L’universo quasimodiano conosce una vasta opera di traduzione: dall’Odissea, da Catullo, dalle Georgiche di Virgilio, dalle Metamorfosi di Ovidio, dall’Iliade, dal Vangelo secondo Giovanni, fra gli antichi; e per quanto riguarda la modernità, da Pablo Neruda e da Paul Eluard per citare i più significativi. Il Quasimodo traduttore maggiormente apprezzato è comunque quello dei lirici greci, cui è particolarmente legata la sua fama.
La poetica del tradurre quasimodiano si muove attorno a due poli di riferimento: il rifiuto della vecchia retorica da un lato, e la ricerca del senso poetico dall’altro. Il poeta siciliano si accosta ai lirici greci con un proprio modello interpretativo, che non è quello delle traduzioni-introduzioni alla lettura dell’opera presa in esame né un tentativo di resa metrica e ritmica sull’onda della tradizione filologico-umanistica, quanto, invece, quello delle traduzioni-testo. In altri termini, Quasimodo opera una trasformazione del testo di partenza stabilendo un nuovo e suo originale rapporto con i classici, rapporto capace di restituire a voci antiche un’eccezionale contemporaneità.

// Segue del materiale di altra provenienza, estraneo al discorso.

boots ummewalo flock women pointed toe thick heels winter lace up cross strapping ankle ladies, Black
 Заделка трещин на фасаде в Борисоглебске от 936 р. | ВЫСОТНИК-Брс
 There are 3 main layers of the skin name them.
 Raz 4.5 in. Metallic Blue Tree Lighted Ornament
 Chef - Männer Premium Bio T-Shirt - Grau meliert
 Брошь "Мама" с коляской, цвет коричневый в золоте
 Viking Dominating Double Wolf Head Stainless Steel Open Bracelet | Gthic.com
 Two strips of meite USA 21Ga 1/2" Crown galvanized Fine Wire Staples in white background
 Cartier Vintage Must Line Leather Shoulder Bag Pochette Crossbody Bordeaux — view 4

Egli ricercando la prossimità più specifica e la verosimiglianza di un testo, ossia il senso poetico, riesce a specchiarsi in essi e a proiettare sui poeti tradotti le sue tematiche dei versi di solitudine come la sua inclinazione al diario e all’elegia, nonché a cogliervi riflessi i motivi del suo poetare.
La traduzione quasimodiana diventa così una “nuova creazione”, superando il limite della resa letterale della parola singola o della semplice sintassi; la sua non è una mera operazione di mediazione di un testo al fine di proporlo ai moderni lettori, quanto una “ricerca equilirica”, per usare un suo neologismo, tesa a ricreare non un poema o un poeta, ma brani poetici selezionati perché ritenuti più idonei ad una sua interpretazione.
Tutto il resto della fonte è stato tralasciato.